Well, this book did not come out in time and we ended up building the interlocking panel using toggles and programmable circuits. Yes, it’s not as sexy as a full-fledged interlocking but it works well. So finally this book did come out and I raced home with it to read it straight through.

So, really, this book covers the history of signalling and interlockings in depth, all about the manufacturing companies and the breakthroughs that allowed for quicker, safer train movements. And that’s great. Then there are sections on how to actually figure out your operations (I really liked the suggestion to built fake signals to try out your layout with signals before putting in months of soldering and wiring – very clever). There were in-depth looks at how to install your components, even how to place repeater signals for those targets you can’t see (on the Tuscarora, we quickly realized that this would be a significant problem and added a repeater panel along the top of my tower/control panel).

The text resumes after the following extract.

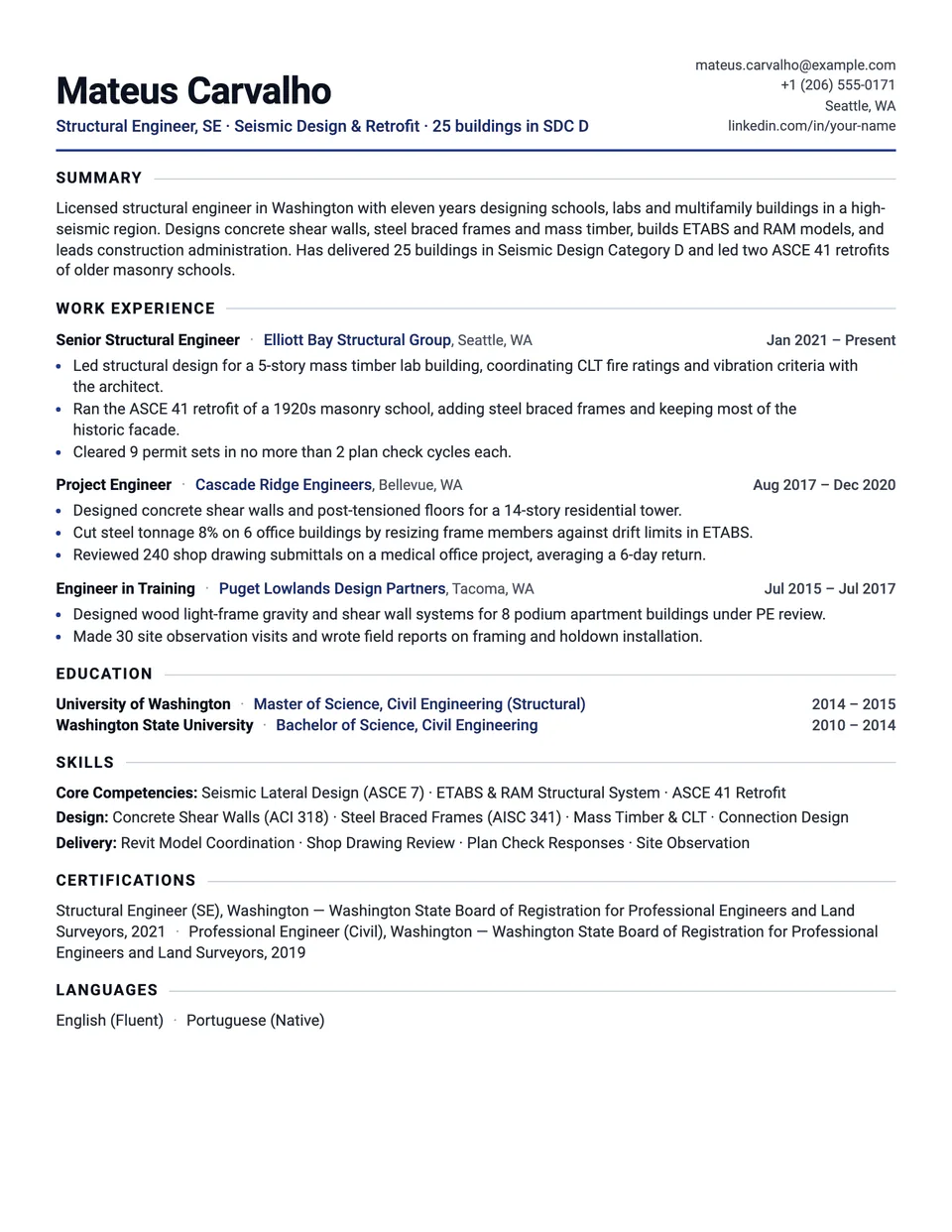 Structural Engineer sample resume in the Tempo template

Earlier that day: Ben on the locals, me on tower. Photo: Shannon Sikora

Note on above photo – the red push pins represent where the signals would go (you can still see the operating repeater panel over the tower). The signals are now installed and working great.

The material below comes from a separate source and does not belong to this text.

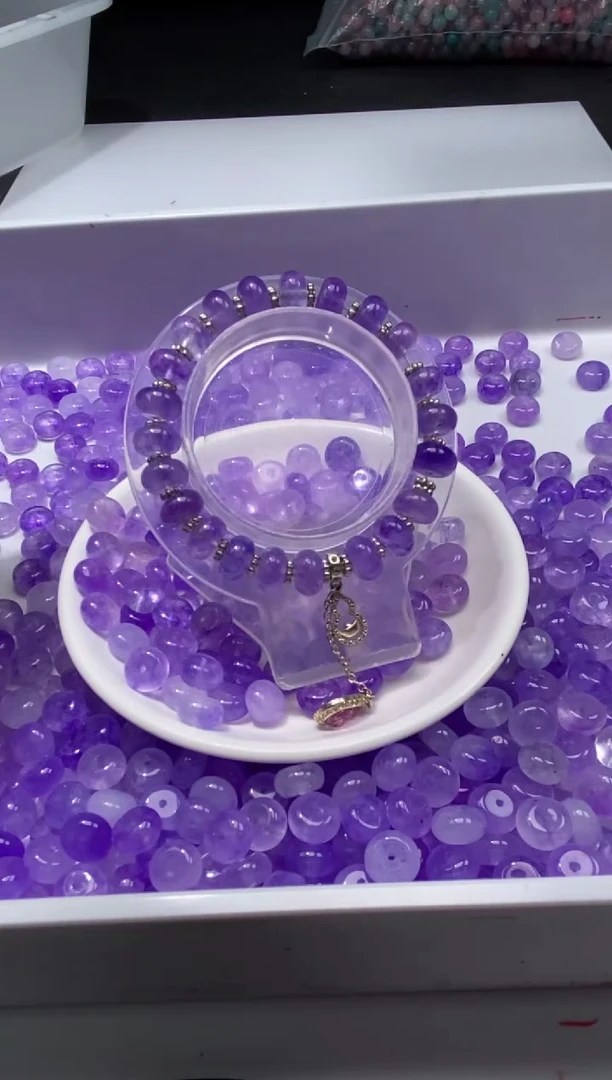 颈饰未镶嵌水晶W3144紫碧玺算盘10*6MM*10颗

And there was even a section on how to actually build the slide plates that make up an interlocking, which looked very involved and made me happy with did it with programmable circuits. With twenty-four levers to control, I would have been cutting out slide plates for a good long time, and my logic for this tight interlocking plant would have been pretty extensive (as it was, I mocked it up on Excel and practiced with it before I was happy).

So, a good book? Um, in ways, yes. If you know what sort of signalling or interlocking you want to do, it’s a good leap between your plans and your incorporation. But if you really don’t know how an interlocking operates or what signal aspects are correct (or what they even mean), the book falls short. The history is nice but I really need to know what a three target signal conveys, and what colors and purposes the levers in an interlocking represent.

While I was over at my friends’ house running on the FEC Railroad, I got to talking about this and the three people who had the book agreed that as a basic reference, the book fell short. Then my friend Ken showed by a book on signalling that went into interlockings in depth (and I was breathlessly happy that I’d managed to infer much of what I’d done as correct). That’s the sort of book I was looking for, not twenty pages on how to use a computer program to set up a signalling system.

But everyone has his own needs. If you know how your signalling should work and need to figure out how it can work, by all means, get this book. You’ll find it online and likely at your local hobby shop.